# [PROBLEM REQUIREMENTS]
From the first line to the last, write out the records exactly, leaving out images.

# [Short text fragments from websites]
****************************************

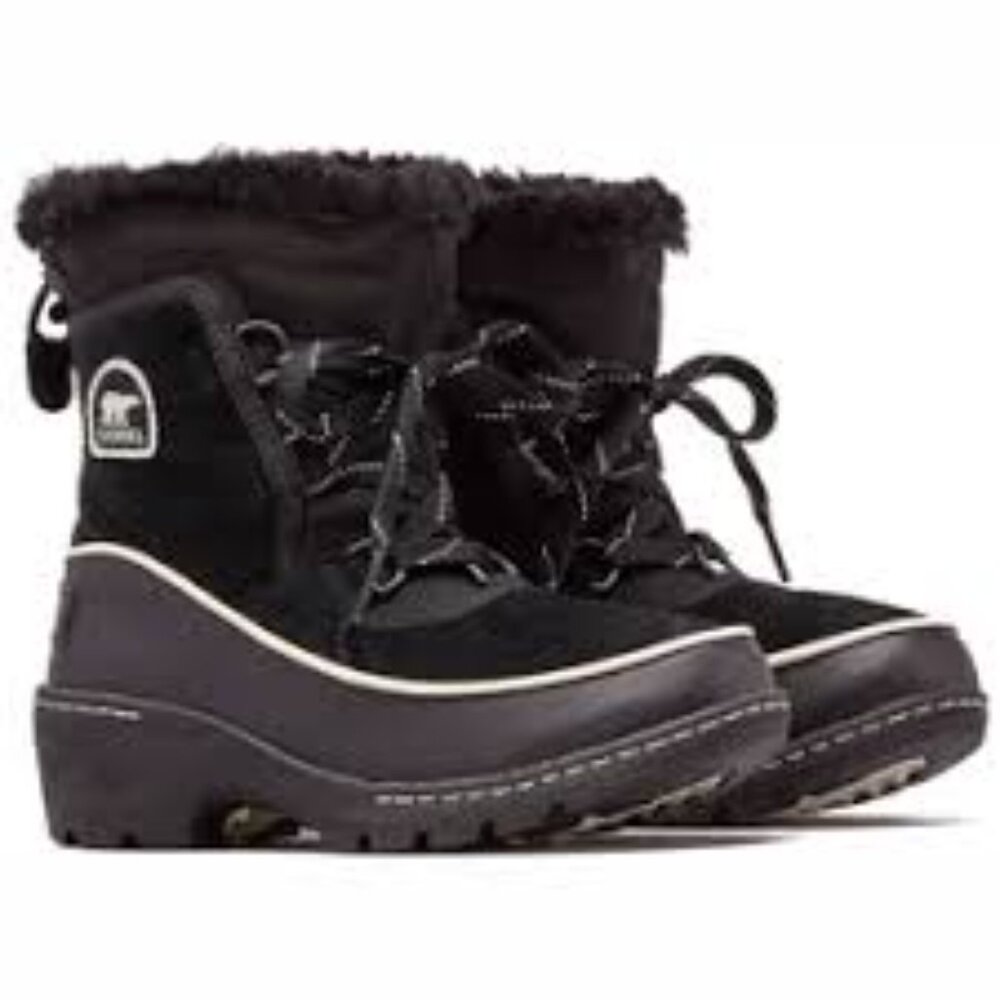 Sorel Girl's Black Torino III NY2636-010 Suede Fur Ankle Winter Snow Boot Size 4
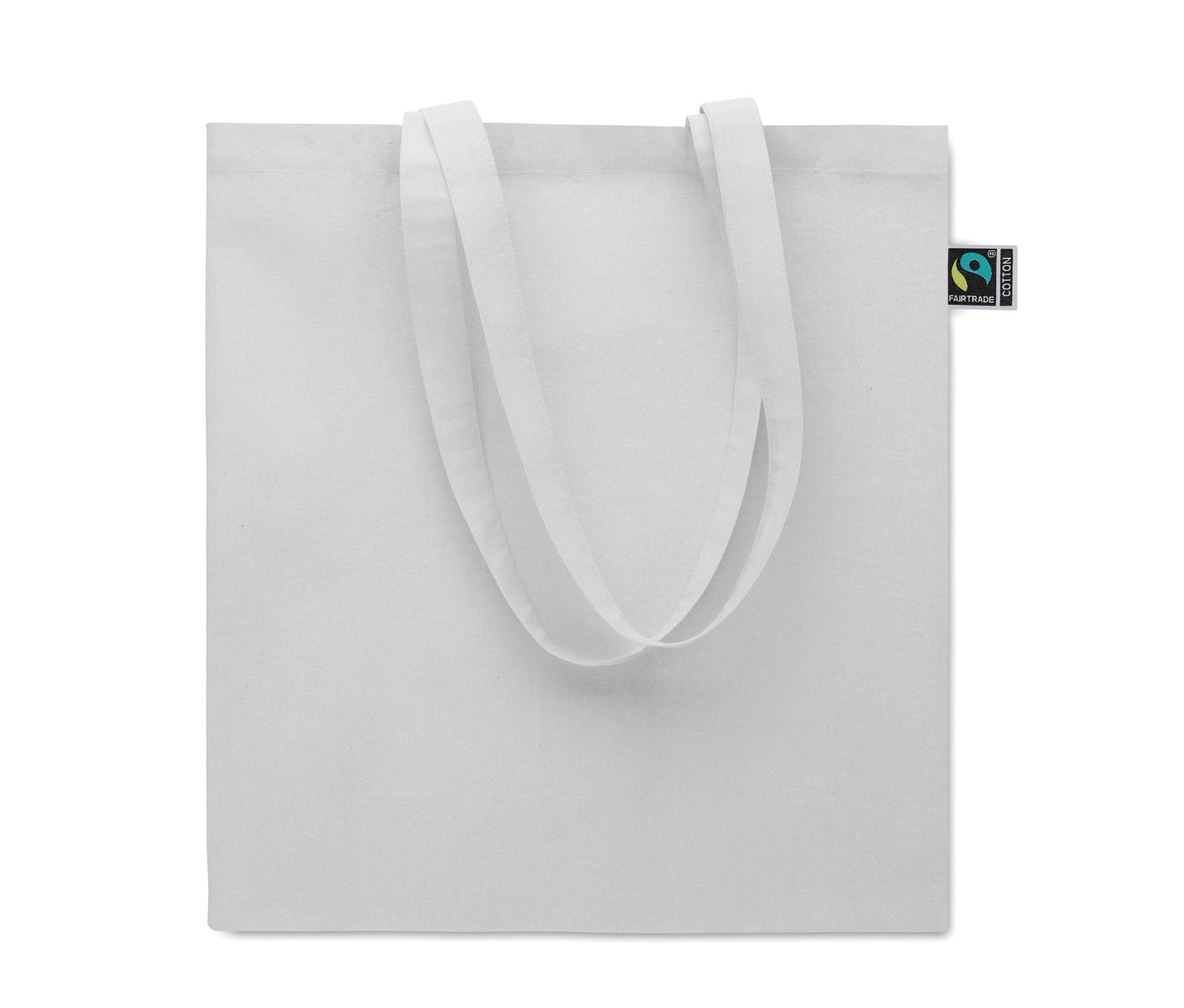 Einkaufstasche aus Fairtrade-Baumwolle mit langen Tragegriffen und Bodenfalz. 180 g/m².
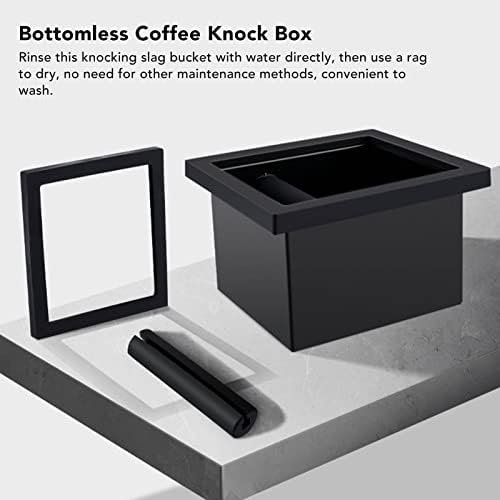Maxmartt Knock Box Espresso, Desktop Knocking Residue Box with Rubber Bar, Square Bottomless Waste Bucket, Compact Barista Tool for Home, Café, Office - Image 6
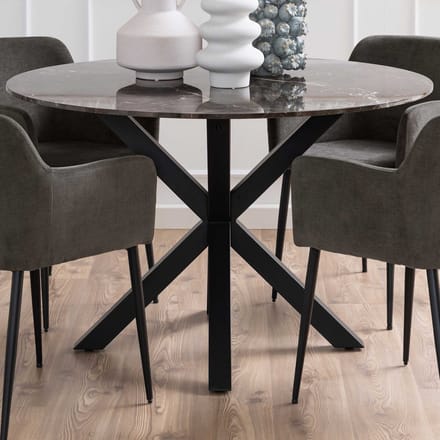 Giga Living Eettafel Harrie - Rond Bruin Marmer - Ø120x75,5cm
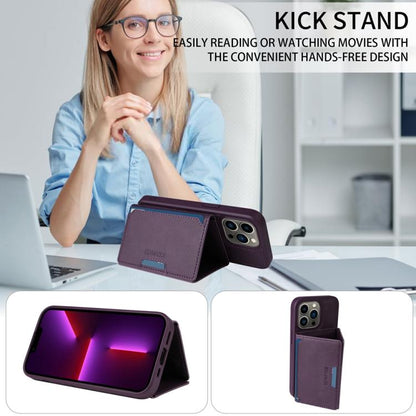 For iPhone 13 Pro BETOPNICE Horizontal Flip Detachable MagSafe Wallet Phone Case(Purple)
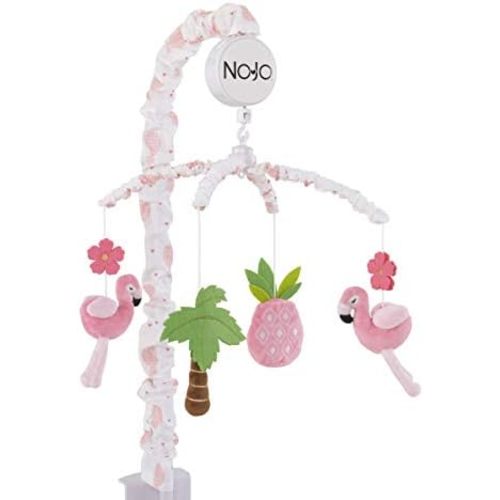 Nojo Tropical Flamingo Nursery Crib Musical Mobile With Plush Pink Flamingos, Flowers, Palm Tree & Pineapple, Pink, White, Green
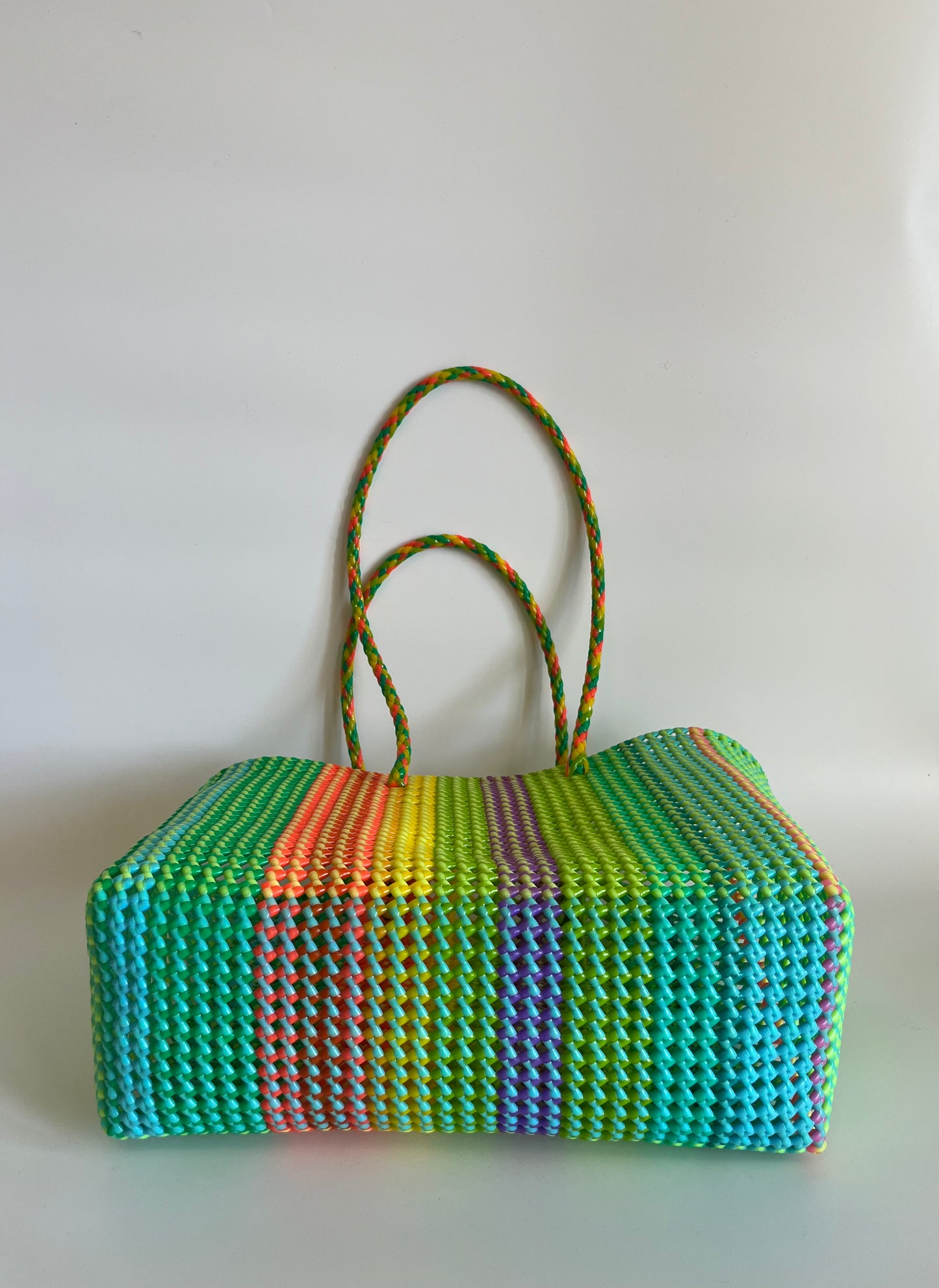 N°412XL - SAC CABAS TRESSÉ MAIN - MAXI - multicolors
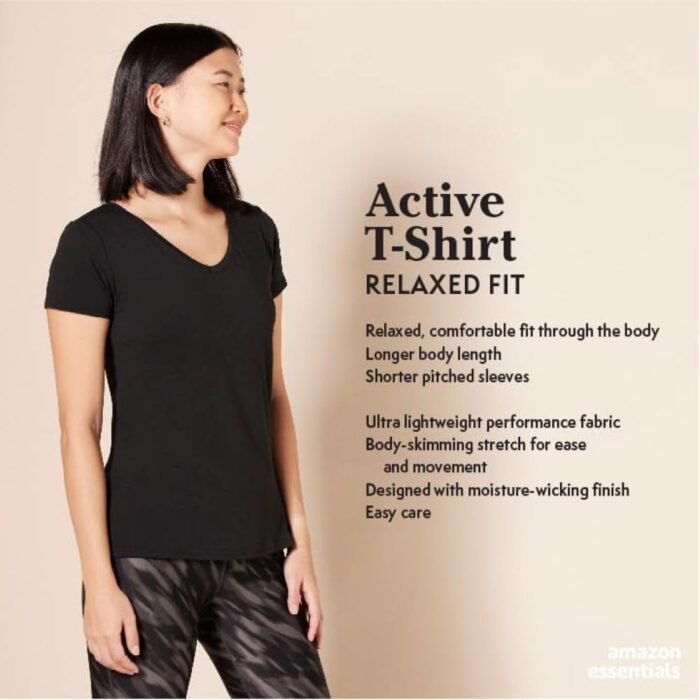 Amazon Essentials Women's Tech Stretch Short-Sleeve V-Neck T-Shirt (Available in Plus Size), Pack of 2 - Image 2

****************************************

# [RESPONSE AREA]
 Sorel Girl's Black Torino III NY2636-010 Suede Fur Ankle Winter Snow Boot Size 4
 Einkaufstasche aus Fairtrade-Baumwolle mit langen Tragegriffen und Bodenfalz. 180 g/m².
Maxmartt Knock Box Espresso, Desktop Knocking Residue Box with Rubber Bar, Square Bottomless Waste Bucket, Compact Barista Tool for Home, Café, Office - Image 6
 Giga Living Eettafel Harrie - Rond Bruin Marmer - Ø120x75,5cm
 For iPhone 13 Pro BETOPNICE Horizontal Flip Detachable MagSafe Wallet Phone Case(Purple)
 Nojo Tropical Flamingo Nursery Crib Musical Mobile With Plush Pink Flamingos, Flowers, Palm Tree & Pineapple, Pink, White, Green
 N°412XL - SAC CABAS TRESSÉ MAIN - MAXI - multicolors
 Amazon Essentials Women's Tech Stretch Short-Sleeve V-Neck T-Shirt (Available in Plus Size), Pack of 2 - Image 2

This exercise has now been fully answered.